Chicago - September, 2009 - Michigan Avenue
Frank Gehry’s exuberant architecture seems to have taken the world by storm. I'll vouch for the architect's design of the Walt Disney Concert Hall in downtown Los Angeles.
The building proved to have superb acoustics when I heard a string quartet play there. Before attending the concert, I'd been won over by Gehry's exuberant style,
impressed by the Concert Hall's open-air gardens, which are also open to the public.
On my must-see list of Gehry buildings? The acclaimed Guggenheim Bilbao Museum
turned Bilbao, a Spanish port city, into a must-see destination.
In the meantime, I visit Chicago in September during the World Music Festival,
where venues for free performances include the
Gehry-designed Pritzker Pavilion.
Millennium Park Peristyle Monument (replica)
Millennium Park Peristyle Monument (replica)
The music from the Pavilion carries clear as a bell over an extensive area, encompassing the parkland and the Lurie Garden.
The view on the right shows the garden, photographed through the glass wall of the sculpture terrace atop the new wing of the Art Institute of Chicago, designed by Italian architect Renzo Piano.
(Next feature will focus on the Lurie Garden, with plantings by Piet Oudolf.)

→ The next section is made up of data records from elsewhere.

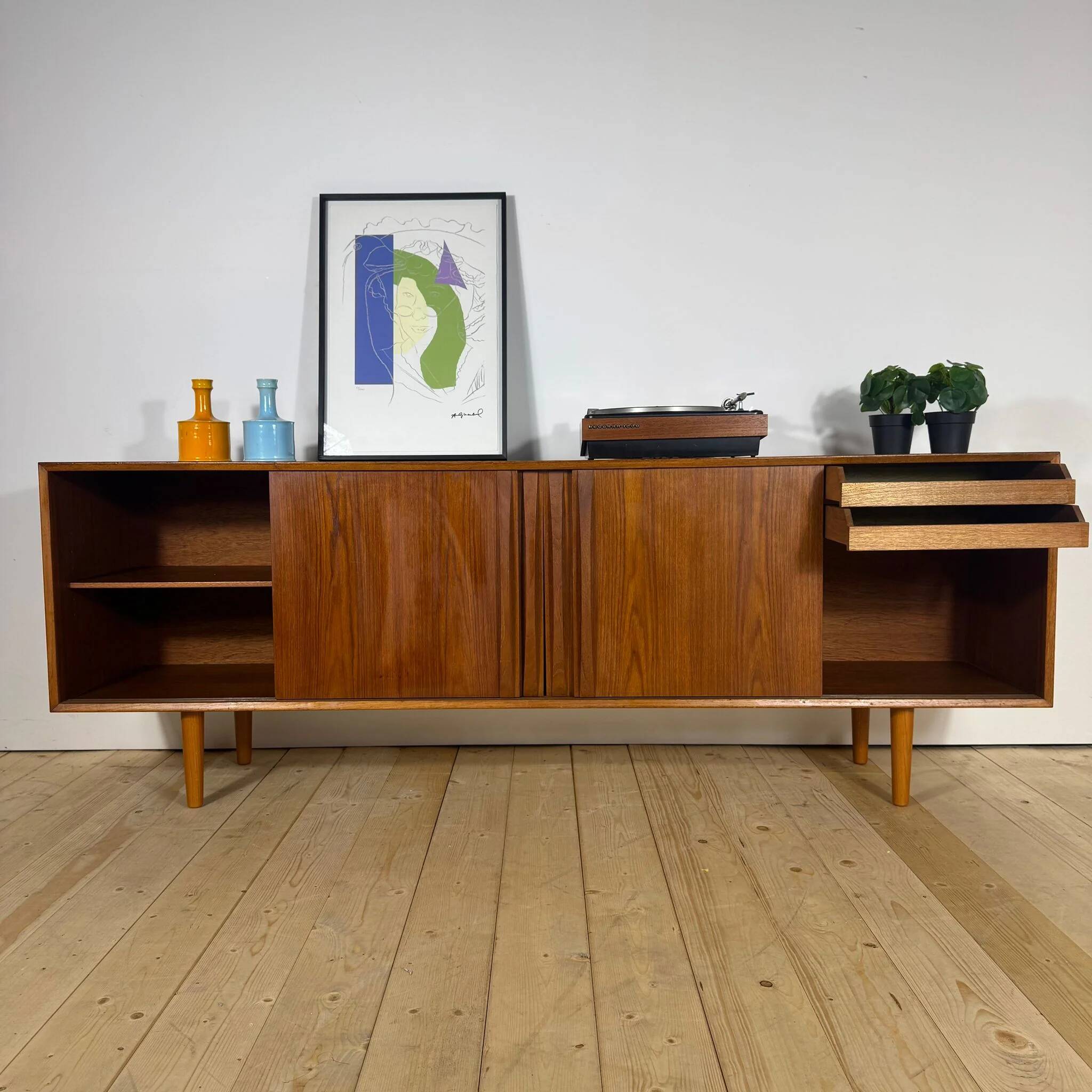 Buffet vintage en teck avec portes coulissantes – Design moderne du milieu du siècle, années 1960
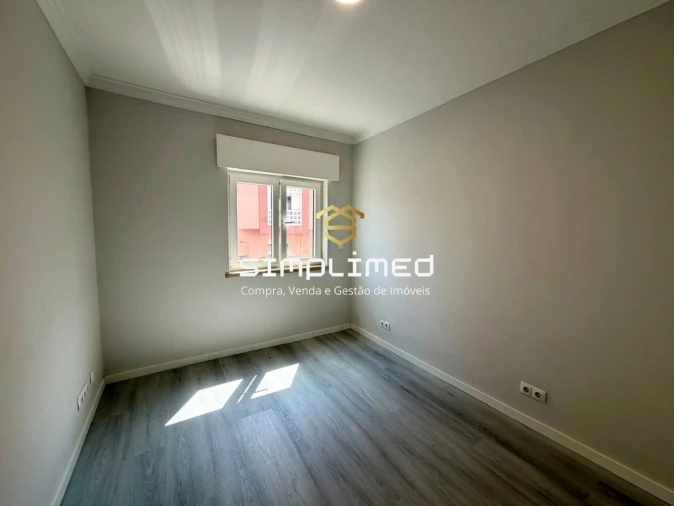 Apartamento T2 para Venda em Corroios Foto 8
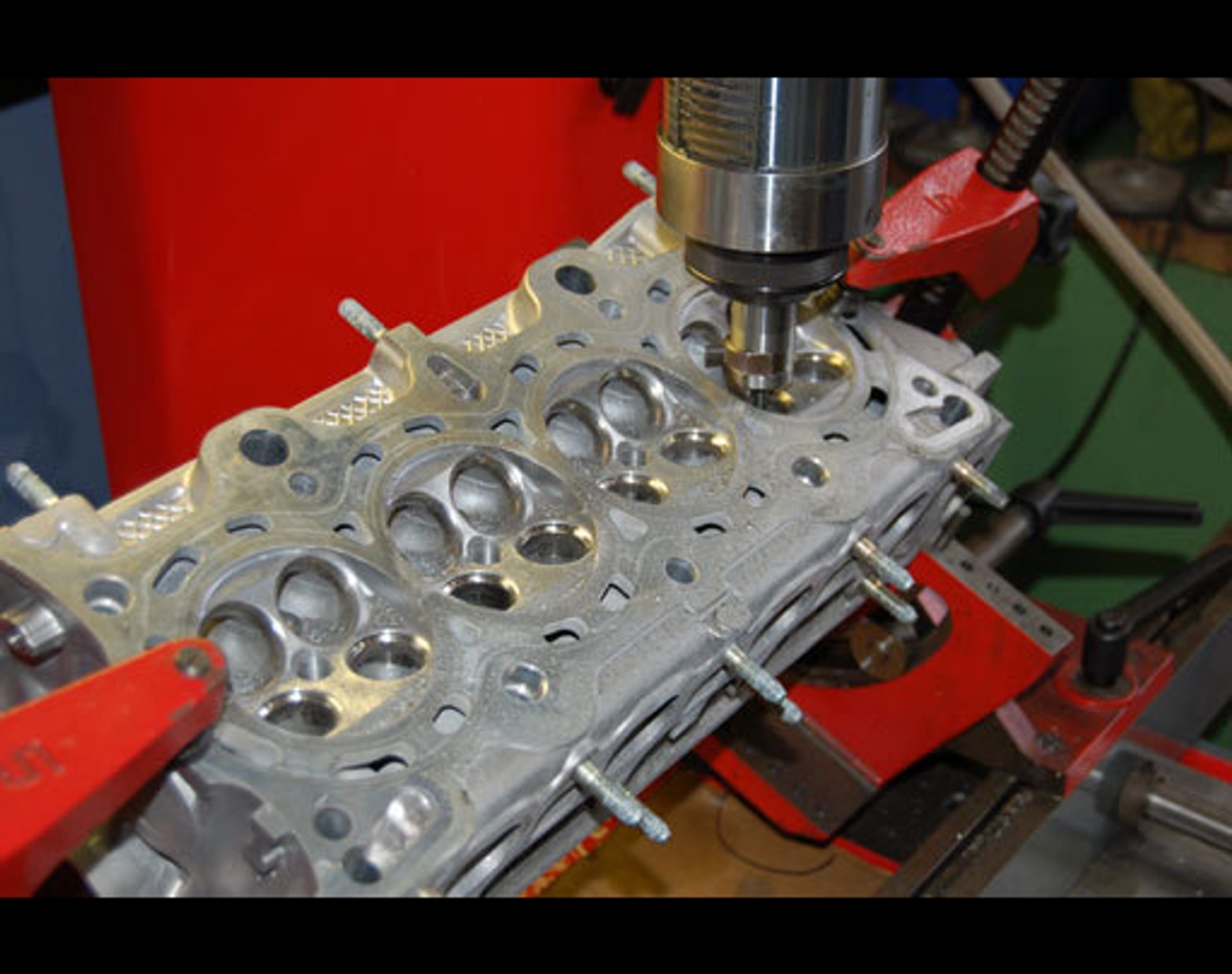Motoren Sauer, Industriestraße 4 in Hösbach
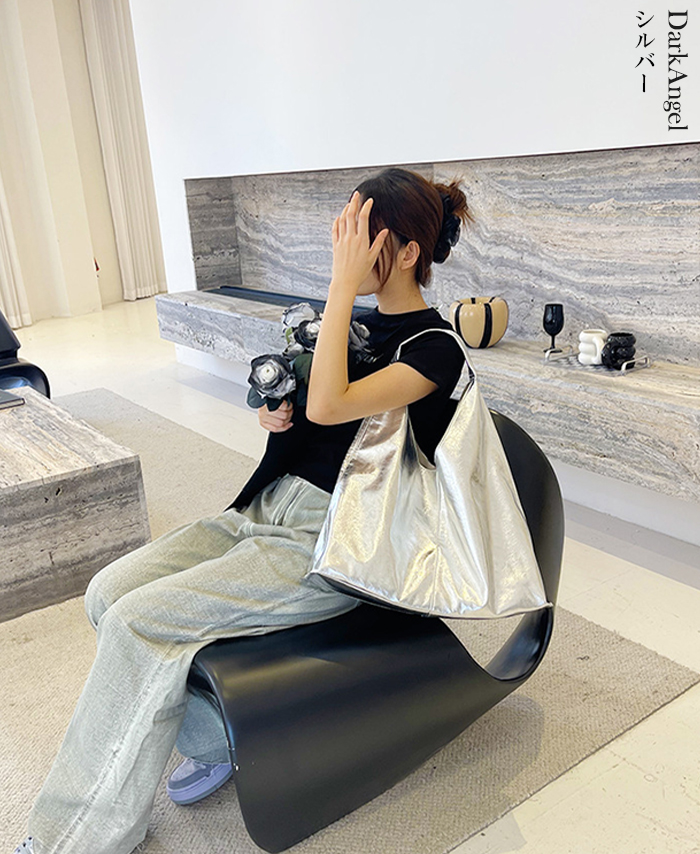 トートバッグ トート トート 大きめ A4 レディース ワンハンドル パソコン 三角 シルバー お洒落 ジャパニーズ レザー 黒 おしゃれ モード 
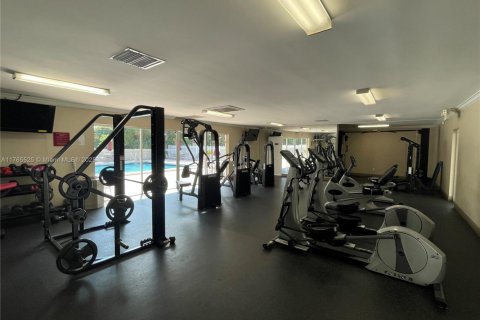 Copropriété à vendre à North Miami, Floride: 2 chambres, 95.04 m2 № 1704284 - photo 30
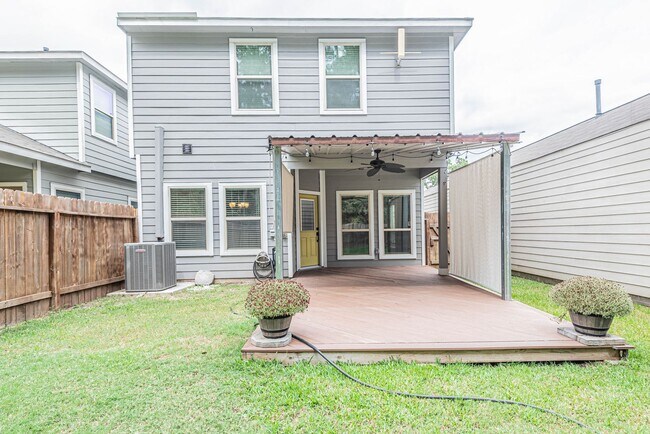 Building Photo - 165 Camelot Pl Ct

In the distance, across Monroe Street, the newly opened, Renzo Piano-designed wing of the Art Institute of Chicago. The straightforward, strongly rectilinear lines of the building aim to complement the
angular modernity of the Millennium Park landscape and minimalist Lurie Garden. Fantastic views unfold from the raised walkway connecting the Lurie Garden to the Art Institute!
Beckoning from on high, the ramp invites you to enter either ....the museum,
or Terzo Piano, an elegant new restaurant.